Monday, April 14, 2014

Makki Ki Roti Sarson Ka Saag

Ingredients:


For sarson ka saag:



2 bunches of mustard leaves (sarson leaves)

1 bunch of spinach (palak)
1 inch of ginger grated
4-5 cloves of garlic crushed
2 medium sized onion finely chopped
4-5 green chilies
1 pinch of asafoetida 
1/2 tsp cumin seeds 
1 tsp coriander powder
1 tsp garam masala
1 tsp red chili powder
2 tbsp maize flour (makki ka atta)
2 tbsp ghee 
Salt to taste

For makki ki roti:



2 cups of maize flour (makki ki atta)

1 tsp of ajwain (optional)
Hot water as required
Salt to taste


Method:


For sarson ka saag:


1. Wash mustard & spinach leaves, remove leaves from stems. 

2. Pressure cook mustard & spinach leaves up to 5-6 whistle with a little salt. 

3. Mash it with a potato masher or use hand blender. But make sure not to puree the mixture.     The roughness of leaves & stalks should be there.

4. Add maize flour to mustard & spinach mixture & mix well.

5. Heat ghee in a pan, add cumin seeds, wait till it crackles, now add asafoetida (hing). 

6. Thereafter add ginger, garlic, stir for few seconds.

7. Add chopped onions & cook till they become a little translucent, add green chilies & stir for     some time. 

8. Now add red chili powder, coriander powder, garam masala & stir. 

9. Mix mustard & spinach mixture to this, salt & cook for 8-10 mins on low flame. You can add     water if required.

10. Garnish with a dollop of butter, sarson ka saag is ready to serve.


For makki ki roti:


1. Mix all the dry ingredients in a bowl.

2. Make a soft dough with hot water, knead for a few minutes.

3. Divide dough into equal-sized balls.
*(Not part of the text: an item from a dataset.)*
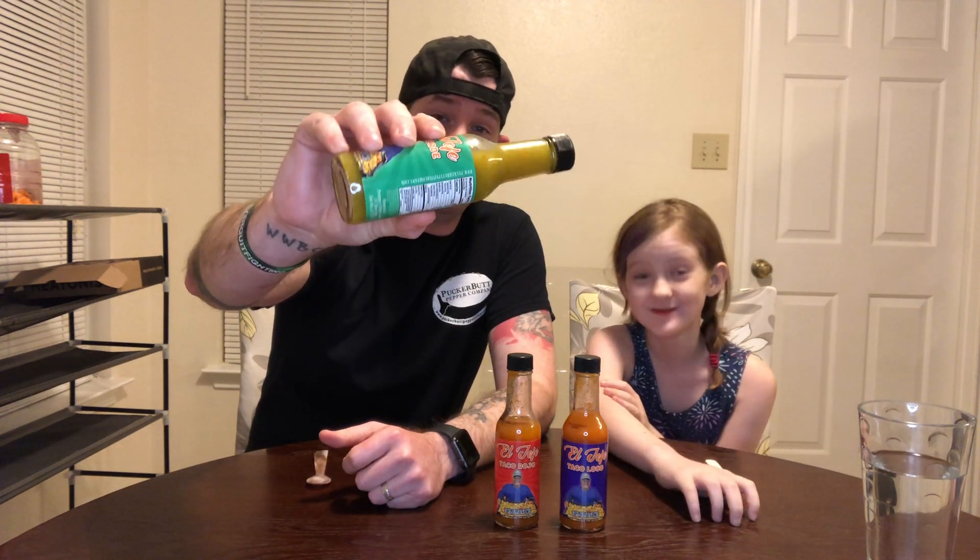If you look at this sauce it's very chunky but it's also thin — it's a weird consistency, but it looks amazing. So let's talk about the ingredients: distilled vinegar, onions, green jalapeño pepper mash which is jalapeño peppers and vinegar, lemon juice from concentrate, lime juice from concentrate, garlic, cumin, kosher salt, and turmeric.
Lightly flour a rolling surface & roll each ball into a
    circle approx 5" in diameter (1/4" thick)

4. Now heat tava/griddle &  place roti very carefully on it.

5. Flip & cook from other side till you see red-brown marks & get that distinct aroma.

6. Serve hot makki ki roti glazed with butter on top & piping hot sarson ka saag.